Targeted Energy Transfer/Nonlinear Energy Sinks

  • Targeted Energy Transfer (TET) is an approach which imposes conditions of nonlinear resonance between interacting dynamic systems in order to achieve unidirectional energy transfer from the primary system (donor) to the secondary system (receiver).
  • Adding a local attachment that possesses essential stiffness nonlinearity (without any linear term) to the primary system may significantly alter the overall dynamic characteristics, because of the lack of a preferential resonance frequency in the (nonlinear) attachment.
  • Under certain conditions (initiated by achievement of the right energy threshold) the attachment (receiver) can engage in nonlinear resonance with a set of structural modes of the main system (donor) over a broad frequency range and act as a Nonlinear Energy Sink (NES).
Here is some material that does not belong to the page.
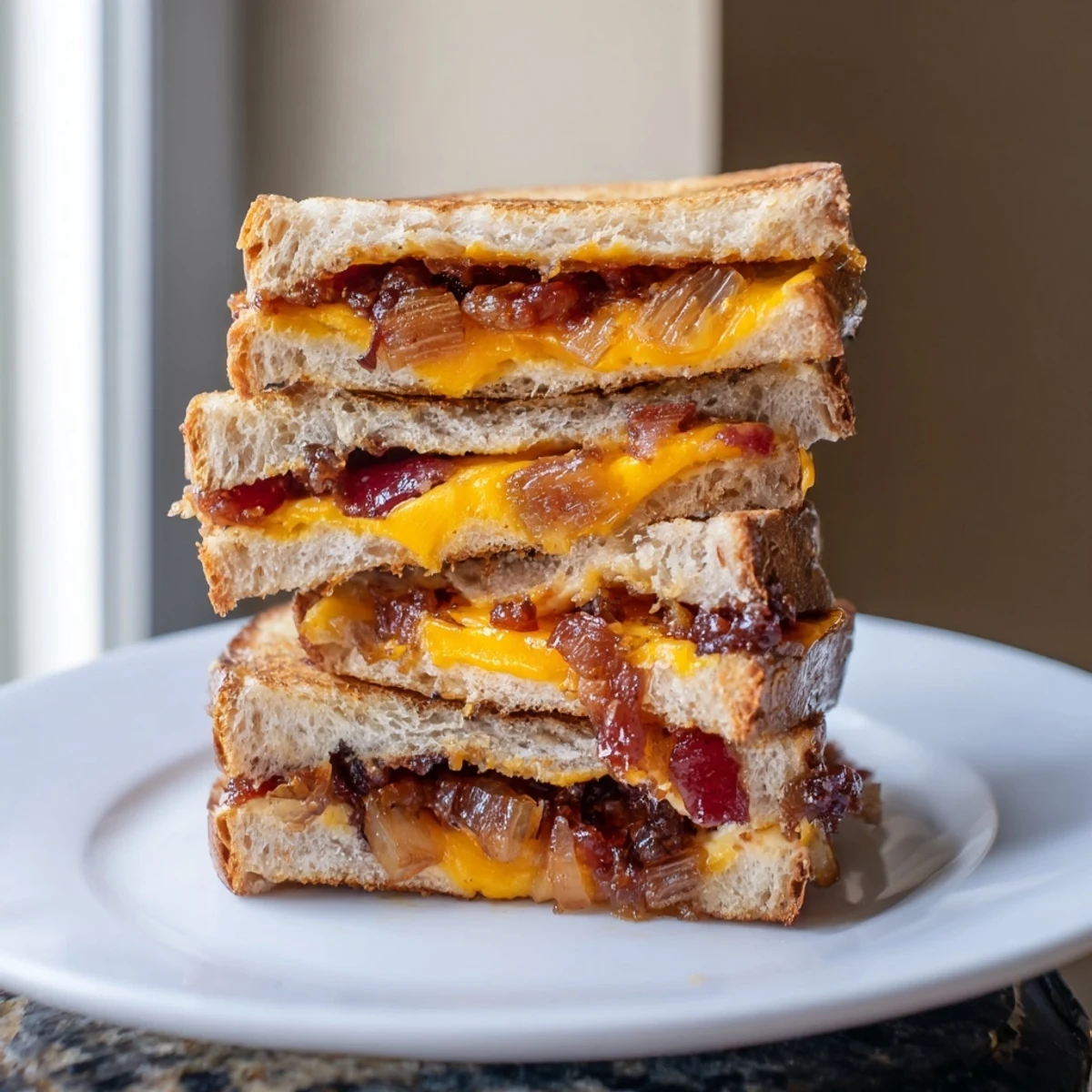 Golden, gooey Bacon Jam Grilled Cheese melting with rich cheddar and Gruyère on toasted bread.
  • This is contrary to the classical linear vibration absorber whose action is confined to a narrow frequency band, thus being less robust. Generally, an NES requires some inertia, essentially nonlinear stiffness and – usually – linear damping. The nonlinear stiffness enables the NES to resonate with any of the linearised modes of the primary system, whereas the damping dissipates part of the vibrational energy transferred through resonant modal interactions.
  • The phenomenon is transient and the actual scenario depends on the level and spatial distribution of the instantaneous vibration energy of the system.